# Amount of water in diazo bottle



## Whurledpeas4all (Jan 26, 2018)

I have searched here and could not find a direct answer. I was wondering if anybody knew exactly how much water you are supposed to add to the diazo bottle for a quart of xenon quanta dual core emulsion. Both bottle and emulsion bucket just say fill with water. Fill completely? Fill 3/4? Fill 1/2? Does anybody have experience with and want to pass on their knowledge?


----------



## Industryps (Aug 9, 2016)

Not sure about your specific brand, but generally, they say to fill it 3/4 with warm water.


----------



## Whurledpeas4all (Jan 26, 2018)

That was my guess as well from experience with other emulsions.
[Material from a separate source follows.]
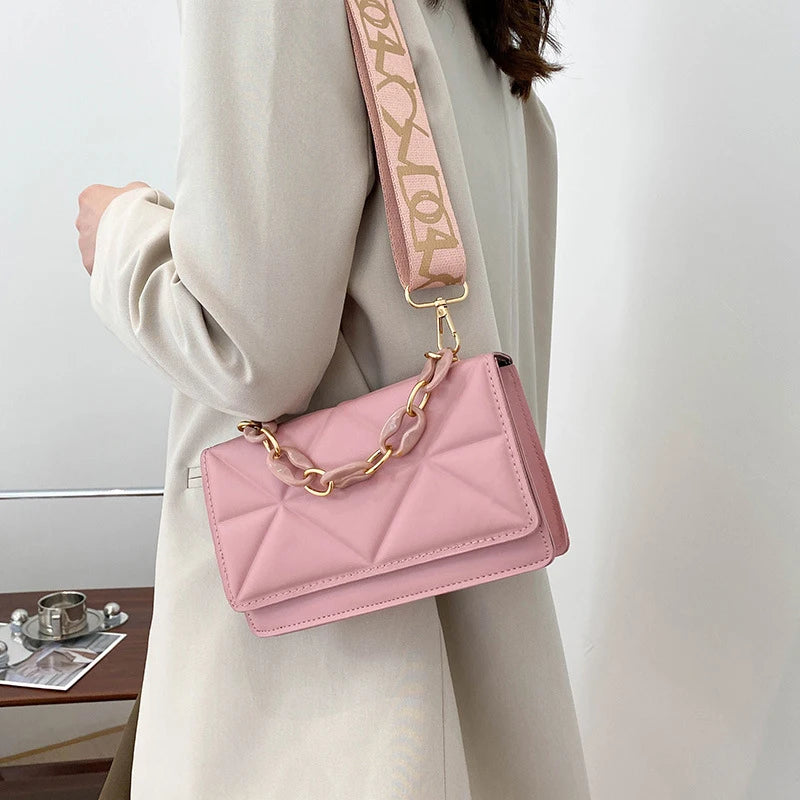 Fashion Women Shoulder Bag Handbags PU Leather Flap Female Large Capacity Metal Chain Casual Crossobdy Clutch Pouch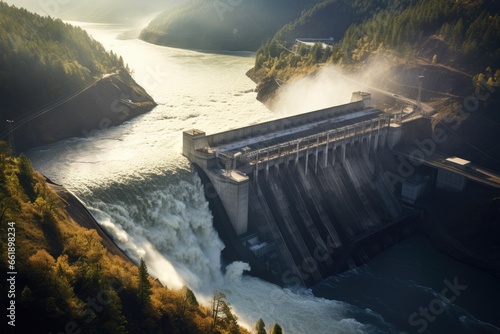 Aerial view of Hydroelectric power dam on a river and mountains photo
Just first time i got one that just said "fill with water". Usually more specific than that, lol. That is probably what I will go with, just wanted to see if someone knew an actually amount.


----------



## Ripcord (Sep 2, 2006)

It's not necessary to measure. Approximately 3/4 will be fine. If you fill it too full it won't shake up properly. I use bottled distilled water and that solved a lot of problems I used to have with screen defects. Also do NOT inhale the little cloud of powder that comes out when you pour the water in. Man did I learn that the hard way.


----------